Re: Reduce heap tuple header size

From
Tom Lane
Date:
Jan Wieck <JanWieck@Yahoo.com> writes:
> Well, it turned out that pgbench does a terrible job with runtimes below
> 30 minutes. Seems that one checkpoint more or less can have a
> significant impact on the numbers reported by such run.

Yeah, it is *very* painful to get reproducible numbers out of pgbench.

> Using the above, the discussed change to the tuple header shows less
> than 1% difference.

So the bottom line is that there is probably no measurable performance
difference, but a 3% space savings, at least for average row lengths
comparable to those used in pgbench.  (Obviously the space savings is
going to depend on average row length...)
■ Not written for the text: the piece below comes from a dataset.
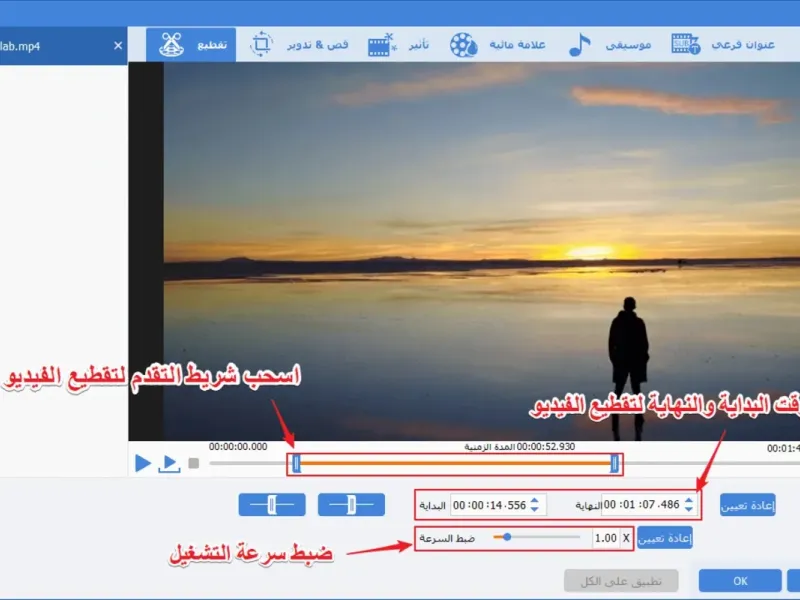 slide for 1 slide for 1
            regards, tom lane



Re: Reduce heap tuple header size

From
Jan Wieck
Date:
Tom Lane wrote:
>
> Jan Wieck <JanWieck@Yahoo.com> writes:
> > Well, it turned out that pgbench does a terrible job with runtimes below
> > 30 minutes. Seems that one checkpoint more or less can have a
> > significant impact on the numbers reported by such run.
>
> Yeah, it is *very* painful to get reproducible numbers out of pgbench.
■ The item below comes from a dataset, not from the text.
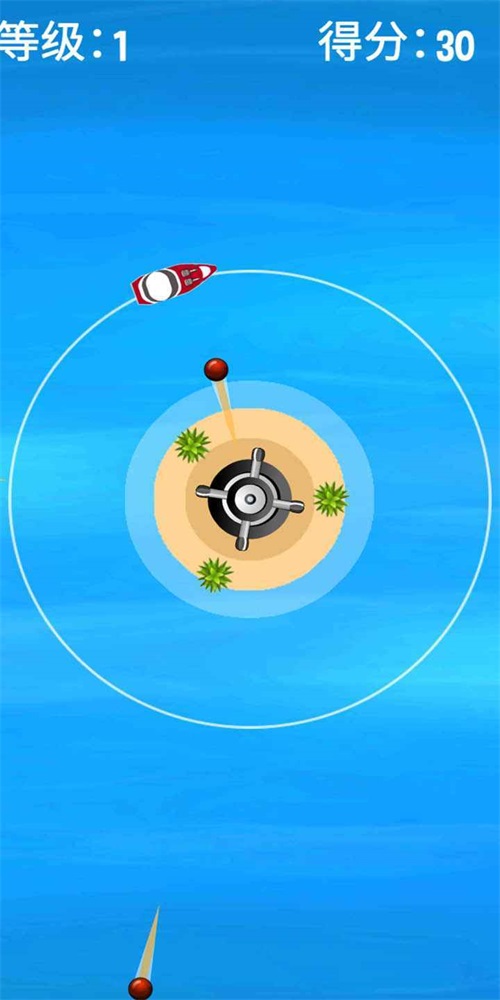 太空轨道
And since it seems to be extremly checkpoint dependent, imagine what
someone would have to do to measure the impact of changing config
options about checkpoint segments and intervals. But I guess that this
would be an issue for every benchmark.

The TPC must know about it as the specs for the TPC-C require at least
one checkpoint occuring during the measurement time and 90% of all
transactions fitting the timing constraints. Currently PostgreSQL
creates an IO storm on a checkpoint, that simply brings the system down
to responsetimes 100x the average, slowly recovering from there since
all simulated users are active at once then (they all woke up from their
thinking or keying times and pressed SEND).


Jan

--

#======================================================================#
# It's easier to get forgiveness for being wrong than for being right. #
# Let's break this rule - forgive me.                                  #
#================================================== JanWieck@Yahoo.com #



Re: Reduce heap tuple header size II

From
Manfred Koizar
Date:
On Fri, 21 Jun 2002 12:45:48 -0400 (EDT), Bruce Momjian <pgman@candle.pha.pa.us> wrote:
>> > Yes, there are some good ones there, but the idea that somehow they are
>> > all going to hit in the same release seems unlikely.  I say let's do
>> > some now, some later, and move ahead.

I (strongly :-)) agree.

>Well, that is a different argument than initially.  So, it is a valid
>patch, but we have to decide when to apply it.
>
>We can easily hold it until we near release of 7.3.  If pg_upgrade is in
>good shape _and_ no other format changes are required, we can  hold it
>for 7.4.  What happens if 7.4 doesn't have any format changes?
>
>However, if we have other changes or pg_upgrade isn't going to work, we
>can apply it in August.

But what, if the patch causes or reveals a well hidden bug, possibly
somewhere else in the code?  I'd vote for applying it now, so that in
August it already has undergone some testing.  You can always patch -R
before going beta...

>(Manfred, you can be sure I will not lose this patch.)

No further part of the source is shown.